### Exercise data
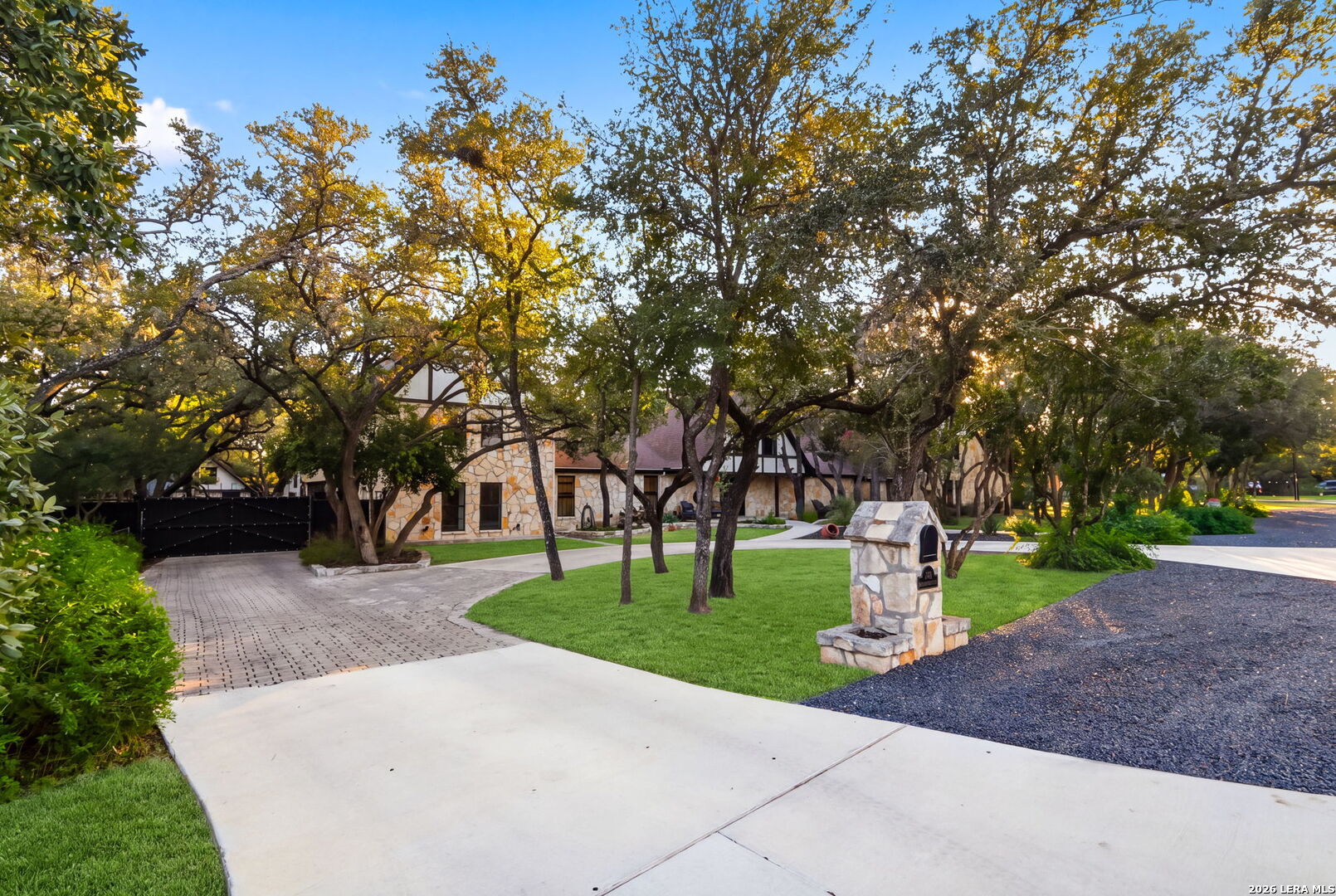 232 MEADOWBROOK DR, Hollywoodpark, TX 78232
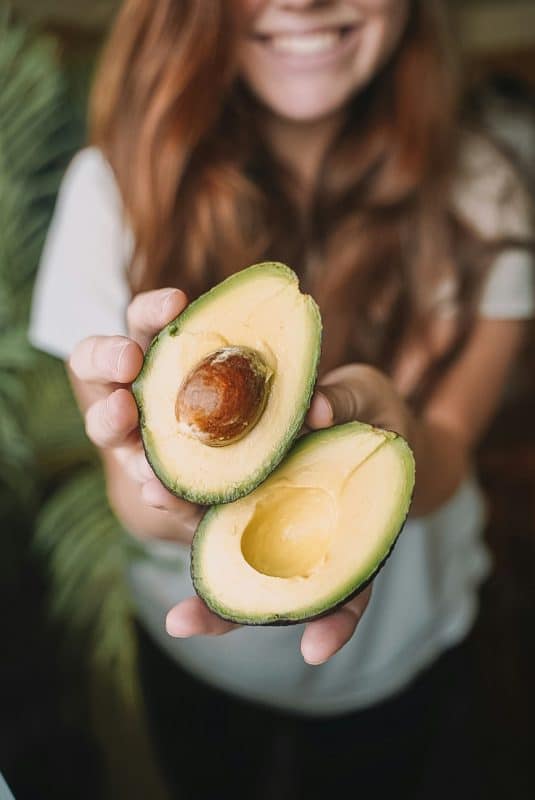 Vrouw Met Avocado's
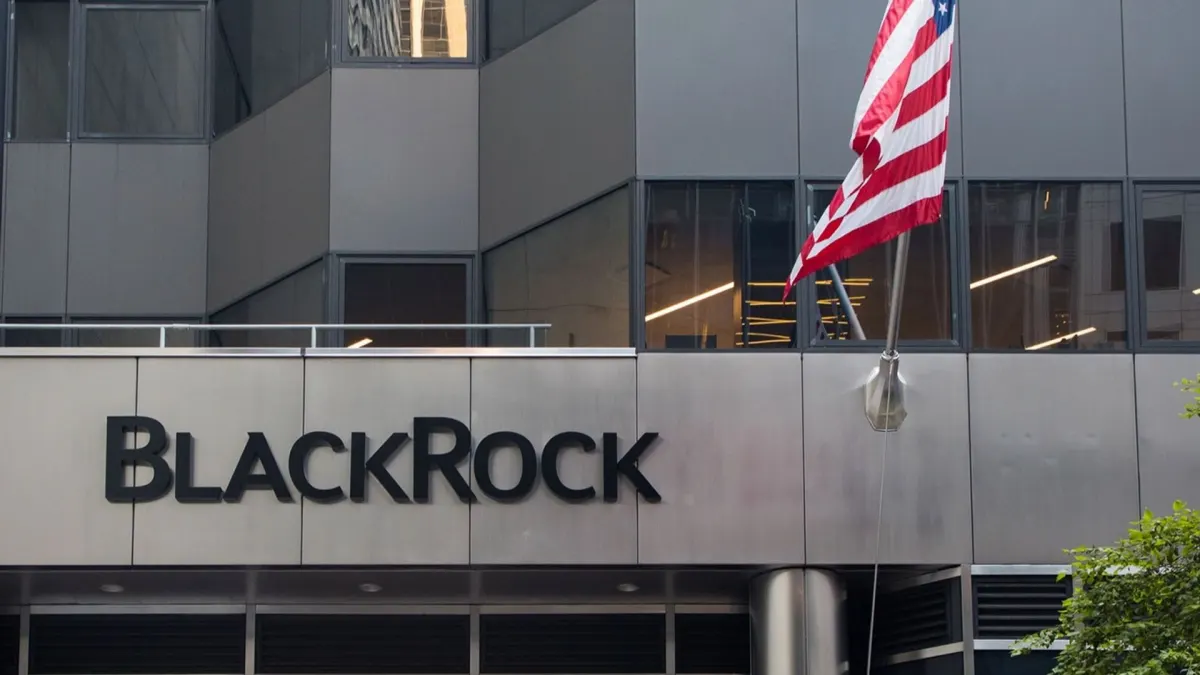 ETF Bitcoin BlackRock: Kiếm lời từ biến động và rủi ro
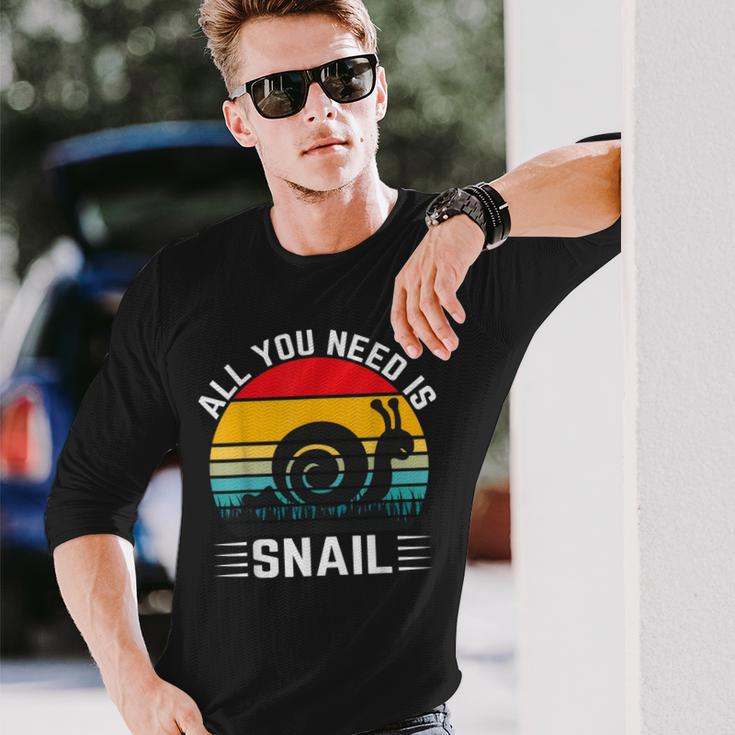 Alles Was Du Brauchst Ist Schnecke Langarmshirts Geschenke für Ihn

### What this task involves
Retype the entire listing exactly as it appears, dropping only the pictures.

### Exercise answer
 232 MEADOWBROOK DR, Hollywoodpark, TX 78232
 Vrouw Met Avocado's
 ETF Bitcoin BlackRock: Kiếm lời từ biến động và rủi ro
 Alles Was Du Brauchst Ist Schnecke Langarmshirts Geschenke für Ihn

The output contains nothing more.